Published online by Cambridge University Press: 05 September 2012
Reading Benjamin Constant provides a privileged access to the unfolding and gradual crystallization of modern continental liberal constitutionalism within and against a republican background. His experience parallels Germaine de Staël's, but because Constant was a more explicitly reflective and systematic political thinker, we can see this process develop in a more lucid manner. With Constant as our guide, we trace another political pathway for the emergence of postrevolutionary French liberalism. As we have seen, with the king deposed, monarchy's main doctrinal antagonist, republicanism, failed to fill the vacuum of authority and neutrality at the center of the state. This incapacity impelled a young generation of republicans, notably including Staël and Constant, to question their initial commitments and search for more effective political solutions. Encountering theories of rights, they produced a body of thought that gradually broke, though not completely, with its republican past, to become an independent and distinctive political doctrine.

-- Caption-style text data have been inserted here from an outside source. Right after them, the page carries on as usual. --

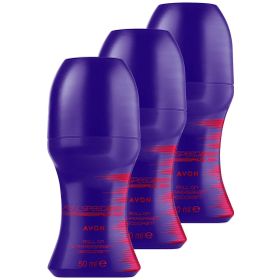Avon 3x50 ml Full Speed Pulse Erkek Roll-On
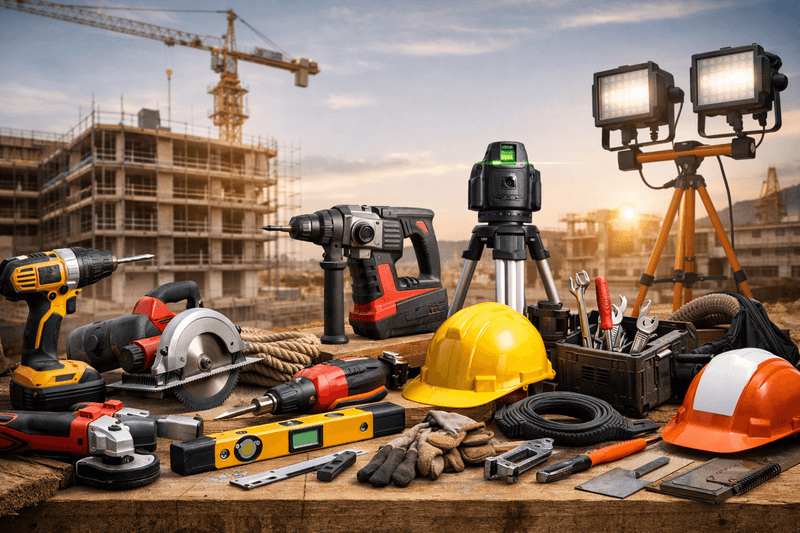 Herramientas profesionales de construcción
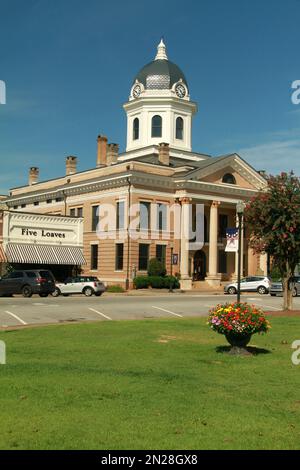 Monticello, Georgia, Stati Uniti. Tribunale della contea di Jasper in Piazza Monticello. Foto Stock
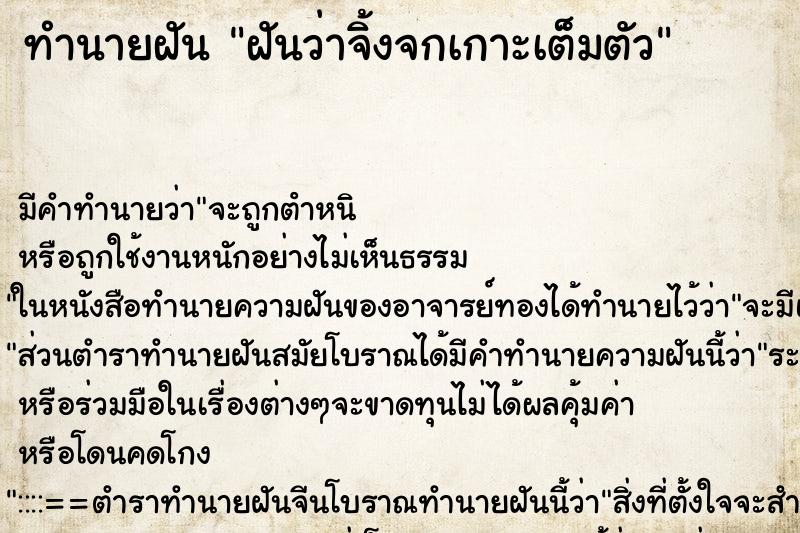 ทำนายฝัน ฝันว่าจิ้งจกเกาะเต็มตัว ทำนายฝัน ฝันว่าจิ้งจกเกาะเต็มตัว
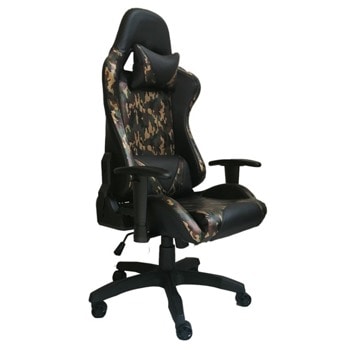 Геймърски стол RFG Top Game, до 130 кг. макс тегло, еко кожа, коригиране височина, газов амортисьор, регулируеми подлакътници, камуфлаж image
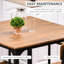 Configuration de table à 4 comptoirs, design industriel en noyer avec repose-pieds, fabrication en métal robuste, barre peu encombrante pour 4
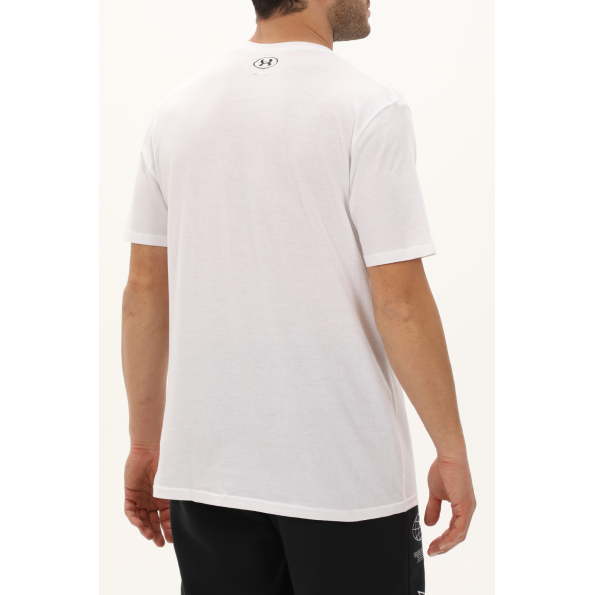 Ανδρικό αθλητικό t-shirt UNDER ARMOUR 1379022 UA PROTECT THIS HOUSE λευκό Ανδρικά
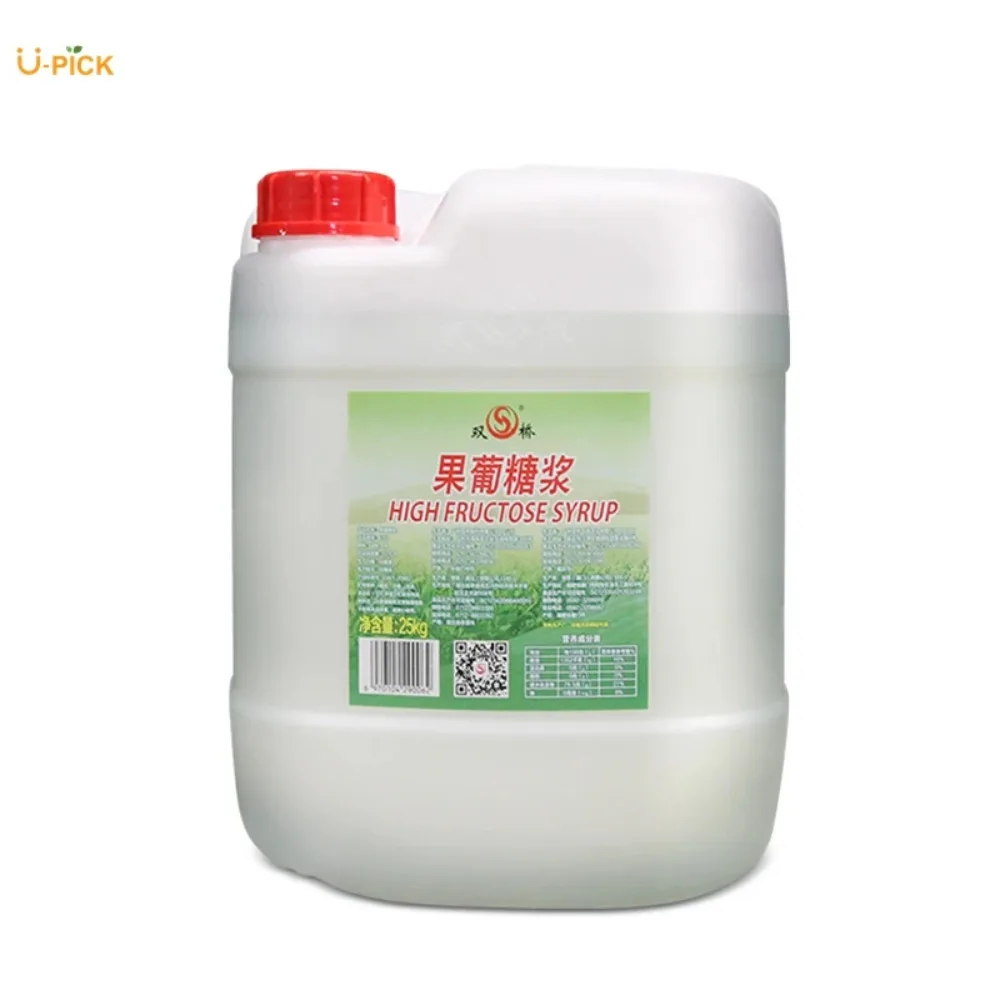 High Fructose Corn Syrup Food Grade Sweetness 55%  Corn Syrup   For Beverage Boba Milk Tea Food  25kg Fructose  Corn Syrup F55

Their liberalism faced two strong adversaries, each also competing to replace the deposed king. The political spectrum polarized between counterrevolutionaries and radical republicans. Satisfied with neither position, the generation of new liberals understood that substitution for the monarch demanded new instruments that could wear a magisterial mantle of neutrality. To this end, they designed a strategy of transcendence to supersede the radical and conservative extremes. They did so by raising the level of abstraction to constitute an impartial and objective point of view from which neutrality, detached from the person of the king, could reappear in the formal and procedural activities of the state's institutional ensemble.